Now, this person’s input could’ve been really valuable.

But the delivery made it nearly impossible for me to receive. Facing a life-threatening disease is scary and vulnerable. The options for treatment are endless. So, to argue with a person’s treatment plan with fear tactics and without gauging their interest first, is inappropriate, to say the least.

On the other hand, two pieces of unasked-for advice stick out as good experiences: a friend texted me early on with something she’d come upon in her own health journey. She acknowledged that I was probably hearing from everyone and their grandma and she gave me quick details on a supplement. It was via text, didn’t feel pushy, and I was truly thankful. Another friend reached out with a couple of recommendations in a similar way. I really liked the wording she used: “Hey, my friend’s mom has been using this during treatment. This is just the information, things to try if it resonates, if not then hopefully the intention of sharing can be received in a way that brings rejuvenation to your spirit in this leg of the journey.” I love this because it is obvious that she didn’t expect anything from me. In both of these instances, I felt cared for and not pressured. There was no anxiety from the other person and no need for me to give an instant reply since it was communicated via text.
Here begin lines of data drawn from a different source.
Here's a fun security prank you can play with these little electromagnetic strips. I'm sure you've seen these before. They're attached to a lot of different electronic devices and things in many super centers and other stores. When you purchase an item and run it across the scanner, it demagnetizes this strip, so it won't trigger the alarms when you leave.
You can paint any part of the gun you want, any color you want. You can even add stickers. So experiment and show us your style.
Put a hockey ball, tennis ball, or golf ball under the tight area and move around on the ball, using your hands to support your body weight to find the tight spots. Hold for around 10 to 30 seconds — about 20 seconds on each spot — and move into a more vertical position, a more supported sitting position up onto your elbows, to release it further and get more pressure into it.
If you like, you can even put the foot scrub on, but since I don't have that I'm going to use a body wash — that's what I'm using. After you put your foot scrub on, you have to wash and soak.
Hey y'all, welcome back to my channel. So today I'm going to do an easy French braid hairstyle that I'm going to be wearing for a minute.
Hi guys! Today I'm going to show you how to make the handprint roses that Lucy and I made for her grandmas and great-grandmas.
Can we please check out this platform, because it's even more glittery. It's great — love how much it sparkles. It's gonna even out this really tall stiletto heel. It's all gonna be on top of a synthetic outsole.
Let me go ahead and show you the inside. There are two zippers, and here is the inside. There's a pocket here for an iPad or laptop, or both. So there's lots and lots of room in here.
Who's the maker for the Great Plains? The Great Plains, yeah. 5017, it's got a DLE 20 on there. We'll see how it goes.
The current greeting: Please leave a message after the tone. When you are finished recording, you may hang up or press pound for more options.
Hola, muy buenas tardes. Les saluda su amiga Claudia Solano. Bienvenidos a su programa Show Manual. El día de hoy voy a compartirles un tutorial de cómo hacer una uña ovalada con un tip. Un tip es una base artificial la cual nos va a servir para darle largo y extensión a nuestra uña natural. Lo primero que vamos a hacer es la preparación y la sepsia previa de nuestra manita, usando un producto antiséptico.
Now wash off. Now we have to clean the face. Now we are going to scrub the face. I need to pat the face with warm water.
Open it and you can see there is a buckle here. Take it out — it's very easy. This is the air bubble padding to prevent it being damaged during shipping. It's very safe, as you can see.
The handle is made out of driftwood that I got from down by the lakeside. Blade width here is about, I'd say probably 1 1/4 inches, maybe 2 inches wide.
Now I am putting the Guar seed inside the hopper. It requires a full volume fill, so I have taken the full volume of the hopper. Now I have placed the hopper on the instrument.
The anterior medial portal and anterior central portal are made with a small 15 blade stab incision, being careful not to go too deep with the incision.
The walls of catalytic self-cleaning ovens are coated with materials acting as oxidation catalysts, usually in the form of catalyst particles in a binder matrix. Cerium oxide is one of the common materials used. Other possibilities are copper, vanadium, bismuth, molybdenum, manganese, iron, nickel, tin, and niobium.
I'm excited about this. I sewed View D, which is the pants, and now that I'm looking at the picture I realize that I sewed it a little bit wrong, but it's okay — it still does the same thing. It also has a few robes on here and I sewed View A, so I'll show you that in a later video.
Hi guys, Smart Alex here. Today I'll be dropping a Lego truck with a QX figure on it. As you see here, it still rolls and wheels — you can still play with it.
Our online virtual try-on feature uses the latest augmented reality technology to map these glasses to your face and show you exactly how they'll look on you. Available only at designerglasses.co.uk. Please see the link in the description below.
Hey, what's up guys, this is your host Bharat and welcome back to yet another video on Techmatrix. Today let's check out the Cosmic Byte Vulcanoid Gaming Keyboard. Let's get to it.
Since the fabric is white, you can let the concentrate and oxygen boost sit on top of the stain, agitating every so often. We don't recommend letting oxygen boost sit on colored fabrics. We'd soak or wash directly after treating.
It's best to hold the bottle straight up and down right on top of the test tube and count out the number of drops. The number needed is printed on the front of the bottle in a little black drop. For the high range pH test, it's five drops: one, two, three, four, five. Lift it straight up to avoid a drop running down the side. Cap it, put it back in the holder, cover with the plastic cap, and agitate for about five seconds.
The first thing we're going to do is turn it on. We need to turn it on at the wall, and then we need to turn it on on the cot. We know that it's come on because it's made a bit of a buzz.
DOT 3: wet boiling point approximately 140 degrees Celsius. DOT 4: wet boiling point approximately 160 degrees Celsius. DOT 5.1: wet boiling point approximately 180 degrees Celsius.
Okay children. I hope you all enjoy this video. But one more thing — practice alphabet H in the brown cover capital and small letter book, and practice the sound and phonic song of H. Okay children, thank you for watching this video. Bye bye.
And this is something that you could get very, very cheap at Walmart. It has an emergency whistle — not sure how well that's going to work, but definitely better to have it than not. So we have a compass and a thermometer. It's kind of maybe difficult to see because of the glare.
Also, even though I’m not in regular contact with these women currently, I know they genuinely love and support me.

The sharing of unsolicited medical advice happens frequently in the cancer community and in the chronic disease community.

Additionally, let’s face it, most moms have experienced being on the receiving end of someone sharing their unwanted opinion about their child’s health and wellbeing. There have been many times in my life that I’ve been super thankful for things people recommended that I would’ve never known about. But it’s usually best given when asked for. If not asked for, give it in a text or email, not in person. Give it without expectation or judgment. Do not give it forcefully. And definitely don’t give it if it financially benefits you.

Of course, there were many other times when I reached out to women who I knew had gone through cancer and their advice has been an invaluable source of wisdom and encouragement to me. And like I mentioned, I’m all about taking supplements and seeking alternative medicine for health. But my preference, and I think the preference of others in my situation, is to be met with sensitive care and genuine concern by anyone offering advice.

Lastly, if you’re the recipient of unsolicited medical advice or any unsolicited advice for that matter, I think it’s important to remain soft-hearted and offer forgiveness to the offending person. Assume good intent even if the delivery was a flop. In my situation, it was tempting to allow bitterness and resentment to build up in me towards the person who cornered me because I felt so offended. But ultimately it doesn’t serve me well to allow those feelings to fester. I had to actively pray and choose to forgive, but in doing so I was able to experience peace.